Comparative effectiveness of first-line AI plus CDK4/6i
Comparative effectiveness of first-line AI plus CDK4/6i
Unweighted analysis
Without accounting for differences in population characteristics across arms, the median real-world OS for patients in the palbociclib arm was 55.7 months (95% CI: 52.0–62.0), 52.6 months in the ribociclib arm (95% CI: 45.8–64.6), and 68.2 months (95% CI: 56.5–not available [NA]) in the abemaciclib arm (Fig. 3). Hazard ratio estimates using a multivariate Cox proportional hazards model showed no observable difference in OS across the three arms.
Weighted analysis
sIPTW produced a well-balanced distribution of covariates across the three arms; standardized mean differences < 0.011 were achieved across all confounders for each arm-pair. The effective sample sizes (rounded to the nearest integer) were 1587 for palbociclib, 375 for ribociclib, and 326 for abemaciclib. In a doubly robust model, after weighting and adjusting for differences across arms, hazard ratio estimates using a multivariate Cox proportional hazards model showed no observable difference in OS across the three arms (Fig. 4).

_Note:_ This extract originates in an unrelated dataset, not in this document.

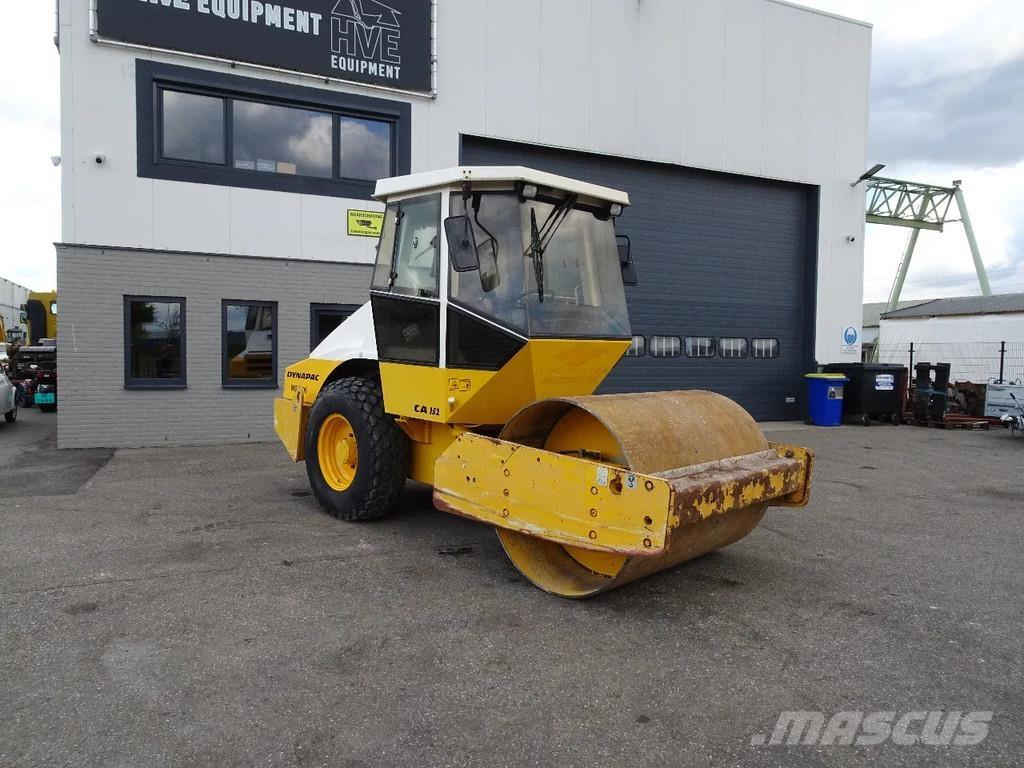 Dynapac CA152D Pneumatikové válce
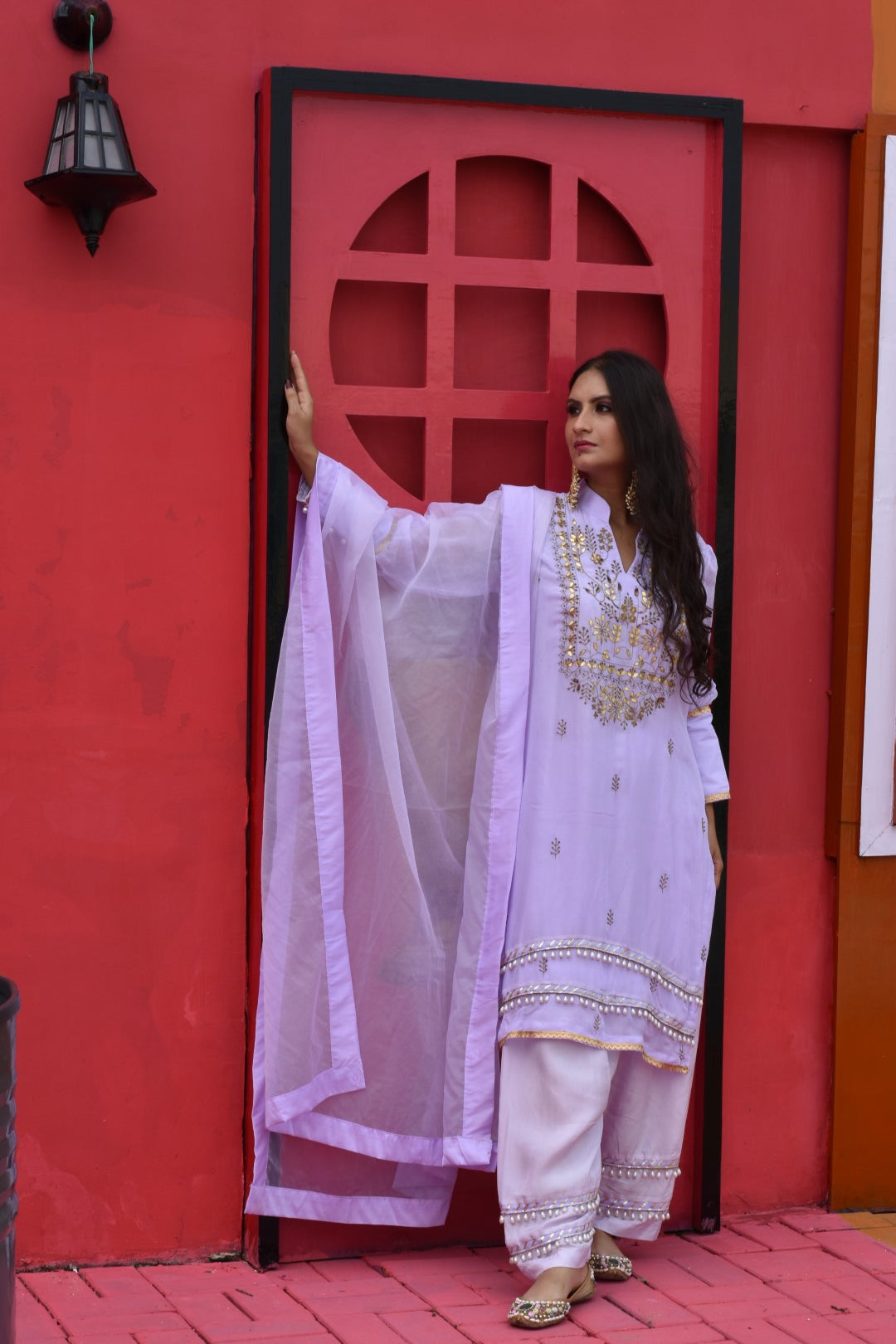 Liliac Kurta, Pants & Dupatta In Organza Having Gotta Work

Sensitivity analyses and missingness mechanisms
After repeating the doubly robust analysis on the subset of patients with only complete covariate data (complete case analysis), estimates of real-world OS across the three arms remained consistent with the unweighted and weighted analyses (Fig. 5). Repeating the analysis with missing values imputed using MICE imputation created five datasets using a random forest for fully conditional specification. After sIPTW within each imputed dataset, fitting of a multivariate Cox model to each weighted dataset, and results pooling using Rubin’s rules, hazard ratios of OS for abemaciclib and ribociclib when compared with palbociclib were 0.94 (95% CI: 0.74–1.19) and 1.09 (95% CI: 0.87–1.36), respectively.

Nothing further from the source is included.